Data extract
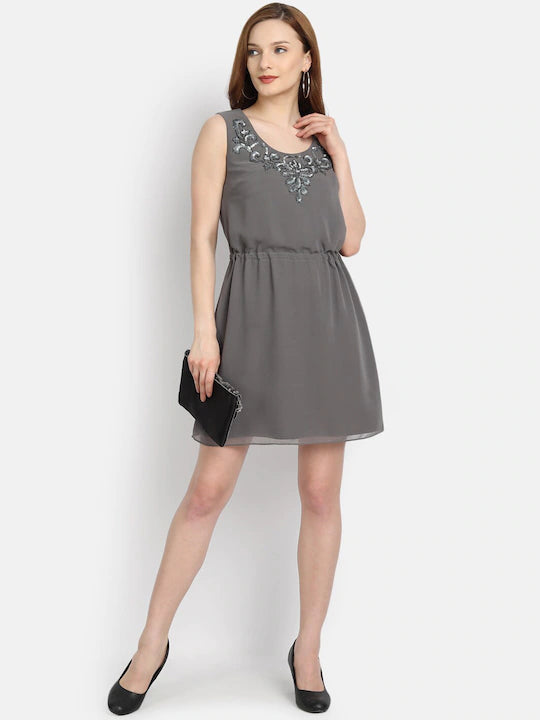 LY2 Georgette Grey Round Neck Sleeveless Flare Party Dress For Women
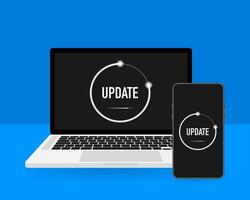 Data update or synchronize with bar process. Update on laptop and smartphone. vector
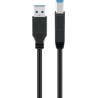 CABLE USB A-B 3.0 M-M 0,25MT NEGRO V.3.0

Task objective
A verbatim copy of the listing, with all pictures removed, is required.

Output
 LY2 Georgette Grey Round Neck Sleeveless Flare Party Dress For Women
 Data update or synchronize with bar process. Update on laptop and smartphone. vector
 CABLE USB A-B 3.0 M-M 0,25MT NEGRO V.3.0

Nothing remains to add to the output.